**EXERCISE INPUT:**
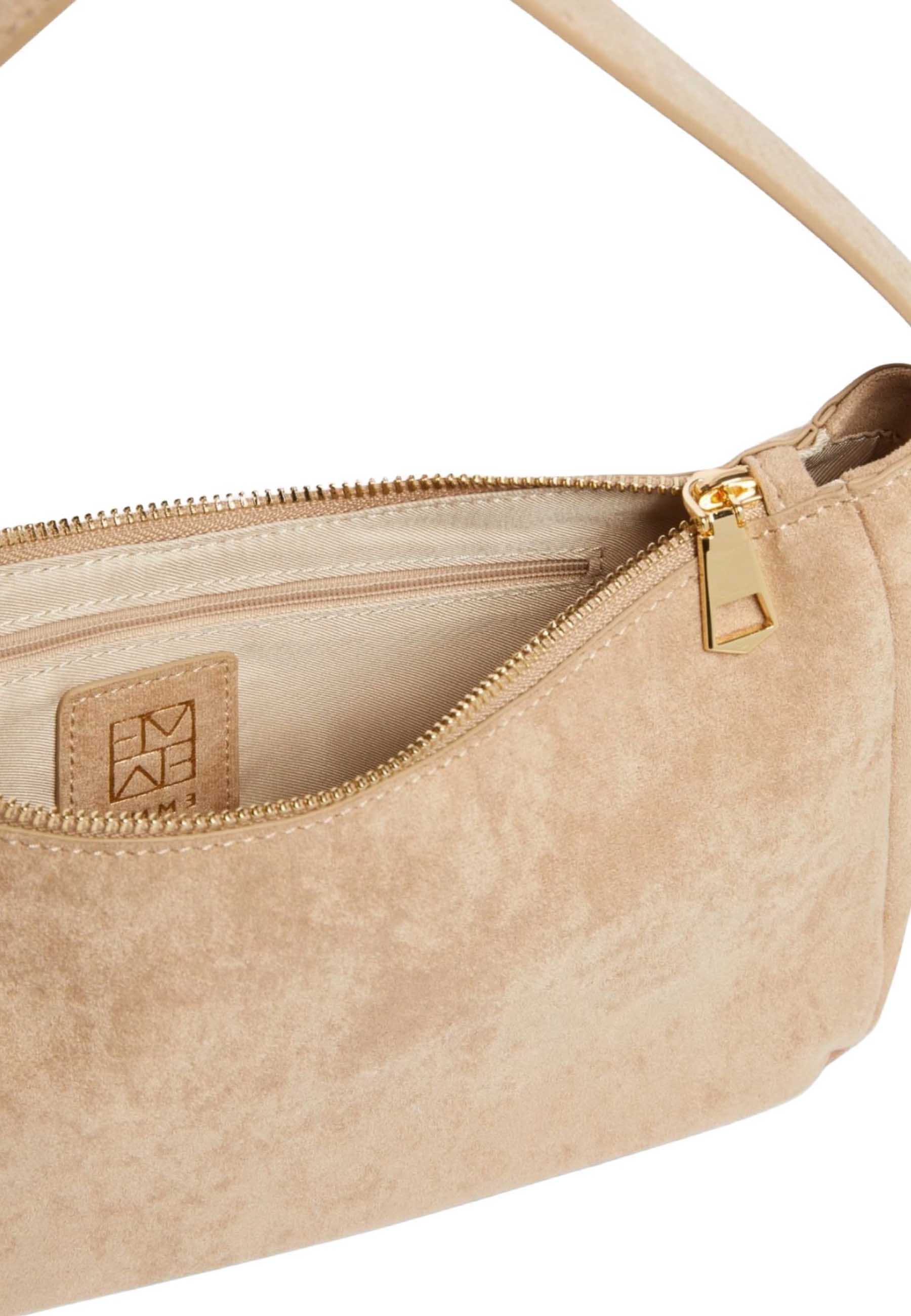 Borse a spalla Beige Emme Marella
...
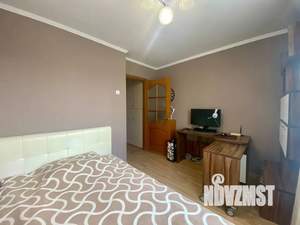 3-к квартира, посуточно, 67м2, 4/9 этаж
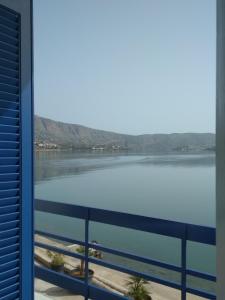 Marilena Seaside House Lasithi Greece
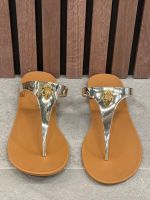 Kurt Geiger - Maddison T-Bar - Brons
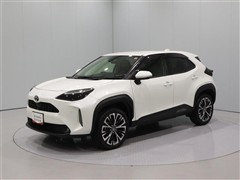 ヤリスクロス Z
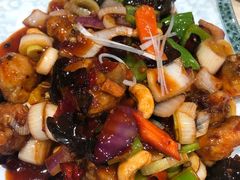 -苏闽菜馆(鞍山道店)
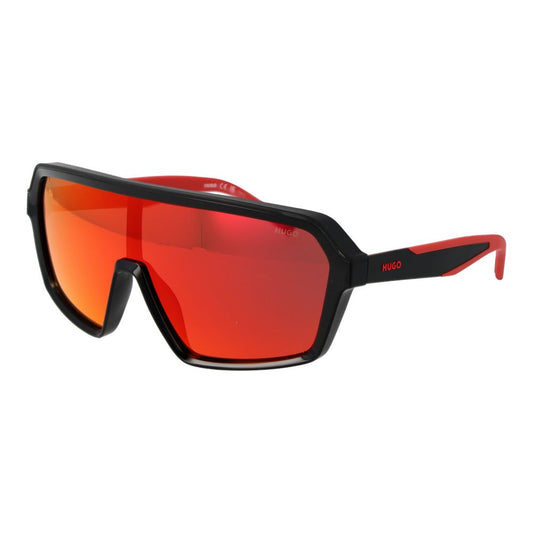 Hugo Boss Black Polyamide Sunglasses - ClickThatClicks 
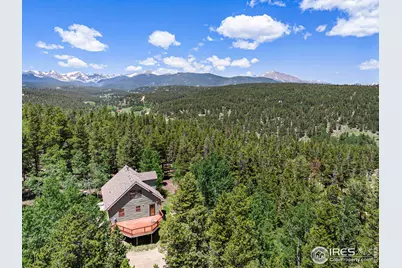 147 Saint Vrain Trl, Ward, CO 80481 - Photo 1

**WHAT IS REQUIRED:** Everything from the line with "Marilena Seaside House Lasithi Greece" through the line with "147 Saint Vrain" in the material above should be transcribed exactly, except the pictures.

**SOLUTION FOR THIS EXERCISE:**
 Marilena Seaside House Lasithi Greece
 Kurt Geiger - Maddison T-Bar - Brons
 ヤリスクロス Z
 -苏闽菜馆(鞍山道店)
 Hugo Boss Black Polyamide Sunglasses - ClickThatClicks 
 147 Saint Vrain Trl, Ward, CO 80481 - Photo 1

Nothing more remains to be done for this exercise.